South London native Sampha Sisay subconsciously got on my radar in 2013, collaborating with Drake on his hit “Too Much”. He then rejoined my music rotation recently, appearing on the title track of Solange’s 2016 release Don’t Touch My Hair. Going into this album, I wasn’t sure what to expect. I had heard very little of his original material, but his debut album blew me away.
One of the standout elements of Sampha’s electric, melodic, soulful Process is the mixing. All of the instruments are perfect, and the frequent but not overpowering industrial sound effects pan from ear to ear in the cleanest way possible. I was not surprised to find out one of the best engineers in the game, TDE’s Sounwave, is responsible.

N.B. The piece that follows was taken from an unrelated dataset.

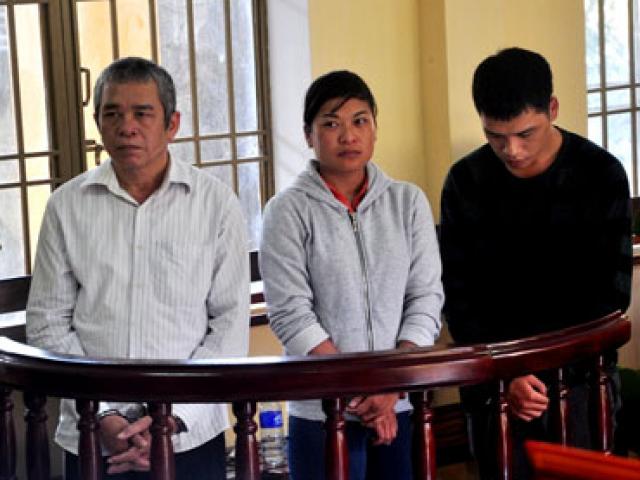Pháp luật - Ba đối tượng lãnh án tù vì làm giả gần 56 ngàn tờ vé số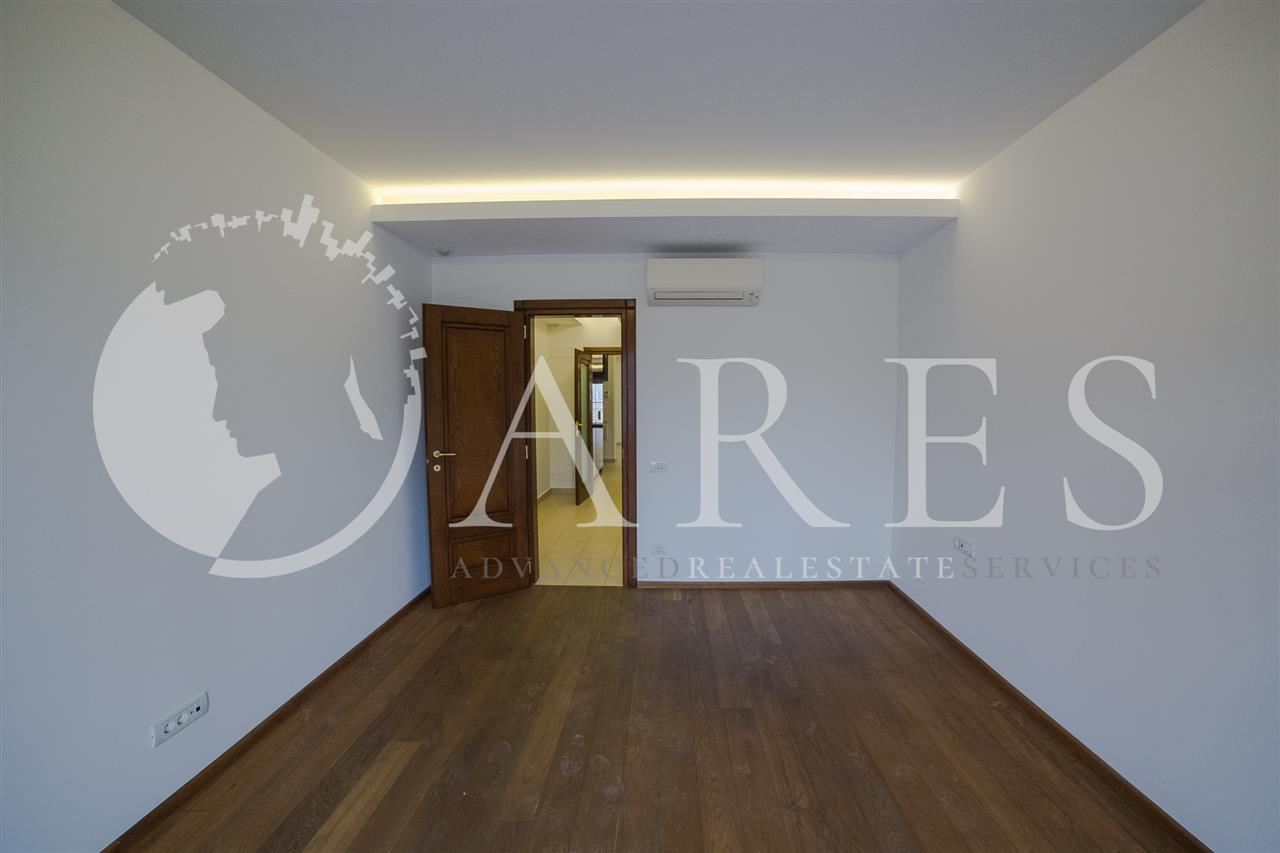 Inchiriere Apartament 4 Camere Romana Penthouse Nemobilat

The album opens on a high note, and maintains that throughout the 10 tracks spanning just over 40 minutes. “Plastic 100°C” is the perfect introduction to what the rest of the project will sound like. A strong bass drum is juxtaposed by everything else in the song; light strings, keys from the top of the piano, soft hi-hats, but most importantly, Sampha’s voice. This is the foundation upon which Process builds. It’s so damn unique. Hearing a voice as great as this is something obviously scarce in the industry today and it’s so refreshing to hear not only on every new song, but every single listen as well.

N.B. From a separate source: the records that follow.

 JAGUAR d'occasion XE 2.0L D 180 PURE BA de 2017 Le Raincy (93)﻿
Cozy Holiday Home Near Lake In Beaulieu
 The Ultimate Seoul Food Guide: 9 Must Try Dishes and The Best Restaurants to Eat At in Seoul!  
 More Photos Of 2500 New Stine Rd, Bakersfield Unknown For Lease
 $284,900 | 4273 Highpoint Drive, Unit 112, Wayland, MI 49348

The three singles – which gave me my introduction to Sampha – seem relatively similar, but context, they feel diverse and personal. Two of the three were slower ballads, illuminating his voice and precise production ability. The songwriting is impeccable. “(No One Knows Me) Like the Piano” and “Timmy’s Prayer” are both songs that I find myself returning to since their release (and I foresee them remaining in my rotation), but the same goes for literally every song on Process. “Blood On Me” picks up the pace with a rapid, sporadic drum pattern, but you just know every part of the beat was carefully thought out. Sampha is not one of those artists who remains within one realm in order to please fans; it’s quite the opposite. One of the reasons this project was so pleasant for me was because he made these three songs an outline for the remaining 8 tracks. Each is different in their own way, like tangents originating from the singles.
At the moment, one of my favorite cuts is “Reverse Faults”. It’s a little more aggressive than some of the others. The anticipation to the “drop” takes nearly two minutes, about half the song, and gives me pretty much the same feeling as a 300-foot roller coaster. However, I use the word “drop” sparingly, because there’s no bass drop per se. Of course not. But there is something that happens twice in this track that makes you go “WOOOOOOOO” every time. If this onomatopoeia doesn’t literally occur (which it usually does for me), then it happens in your head and it’s hard to refrain from exclaiming it aloud.
How I feel about this album is simple. It’s beautiful. Elegant. Creative. Heartfelt. Brilliant. I strongly encourage you to listen for yourself. Although it was released in late January, I am extremely confident Process will end up on my end of the year list in a prime position.